Proof production for neural network verification

Motivation

NNV tools are designed to formally verify properties on NNs. As software, they may present defaults (implementation errors, floating-point errors). We would like assurance that their verification is correct, which proof production can do.

The following scenarios show when proof production can be desirable:

  • NN competition: if all participants do not agree on the outcome of a verification task, how can we determine who is right? For SMT solving competitions, we usually knew the expected result. For NNV, we don’t (that’s sort of the main characteristic of NNV: difficult to reason about.)
  • Integrate NNV in a larger verification framework. NN are usually part of larger systems that need to be verified too (ex: NN controller in an autonomous plane control system). These larger verification shouldn’t accept the NNV tool’s result blindly (is there an example of this being used in a different case?).

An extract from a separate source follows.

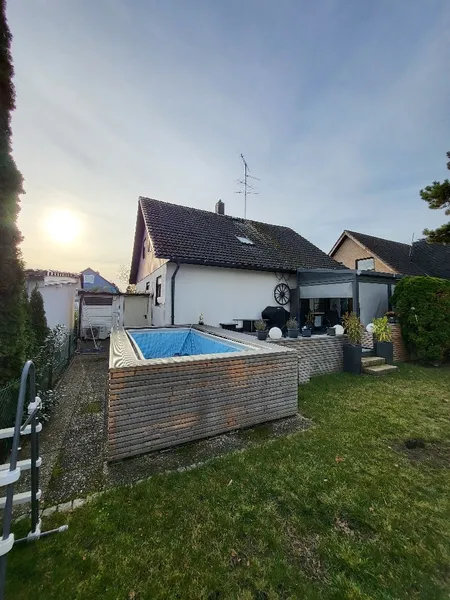 Mehrgenerationsobjekt – Familienoase mit 2 H&auml;usern in Berlin Rudow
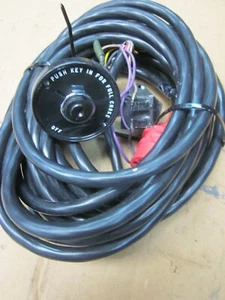 KIT DE CÂBLAGE JOHNSON EVINRUDE 25 À 235 FAISCEAU INSTRUMENT CÂBLE ASSY. NEUF 1973-94 - Photo 1/8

Normal case: for a network $N: I \rightarrow O$ and a property $\phi$, we want to prove that $\forall x \in I’, \phi(N,x)$ holds. A NNV program $P$ is given $N$, $x$ and $I’$ as input and is expected to return $True$ if the property is holds or $False$ if it doesn’t. In the case of an incomplete verifier, it can also output $Unknown$. Some provers, like SMT-based ones give a counter-example $\hat{x}$ when the output is $False$.

If the output is $False$ and a counterexample is provided, it is easy to verify the result’s correctness by computing $\phi(N,\hat{x})$.

Proof production consists of generating some artifact during the verification process. This proof artifact can be replayed by a verified external program (proof checker). If the proof artifact has an error, the proof checker detects it and invalidates the proof. Otherwise, the proof is validated.

Interactive theorem provers and constructive proofs

Constructive proofs are proofs that hold under Constructive Logic, which is more restrictive than classical logic. Some theorem provers such as Coq and Agda use constructive logic. If we want to interface one of them with an external tool, the latter must provide a constructive proof for its result to be accepted by the constructive prover. Other theorem provers like Isabelle/HOL use classical logic and have valid results.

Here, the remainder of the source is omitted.